Problem details -
Given the records below, the lines starting at the line with "Land Rover Defender" and ending at the line with "The blanket and" should be output exactly, both end lines kept and pictures left out.

Task inputs -
====
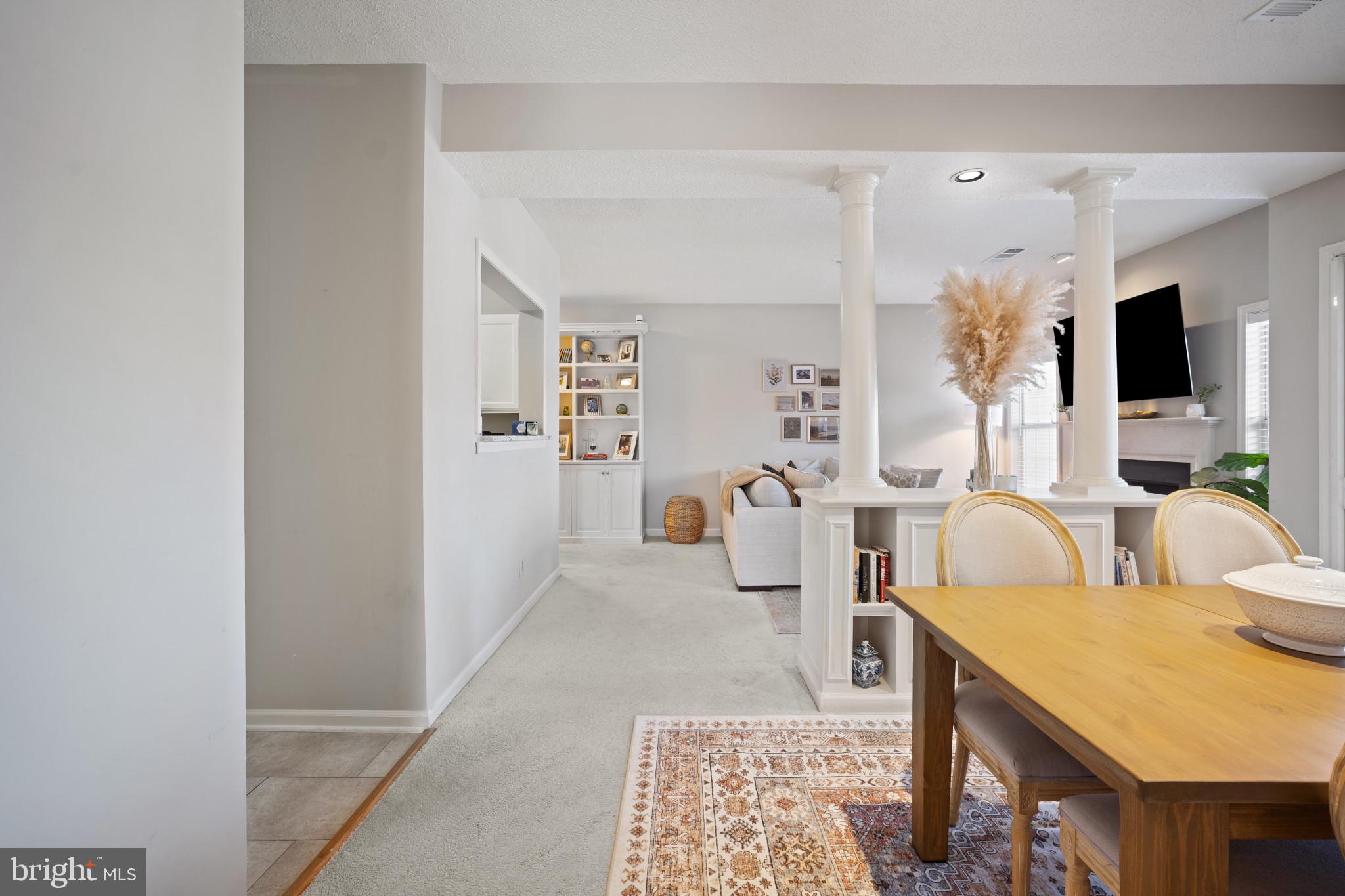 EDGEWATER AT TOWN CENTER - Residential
====
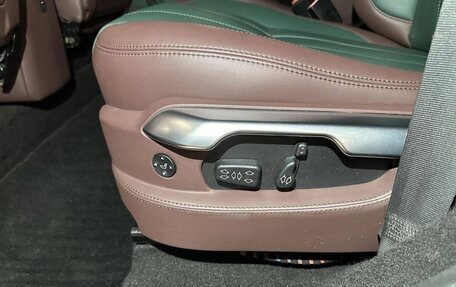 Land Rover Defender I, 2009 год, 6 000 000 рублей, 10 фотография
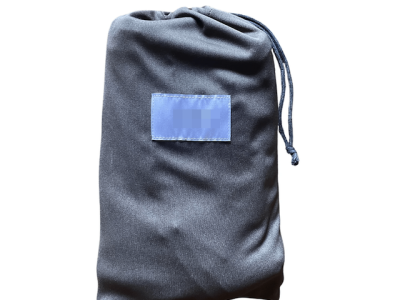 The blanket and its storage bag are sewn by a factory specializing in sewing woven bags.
====
Exercise answer -
 Land Rover Defender I, 2009 год, 6 000 000 рублей, 10 фотография
 The blanket and its storage bag are sewn by a factory specializing in sewing woven bags.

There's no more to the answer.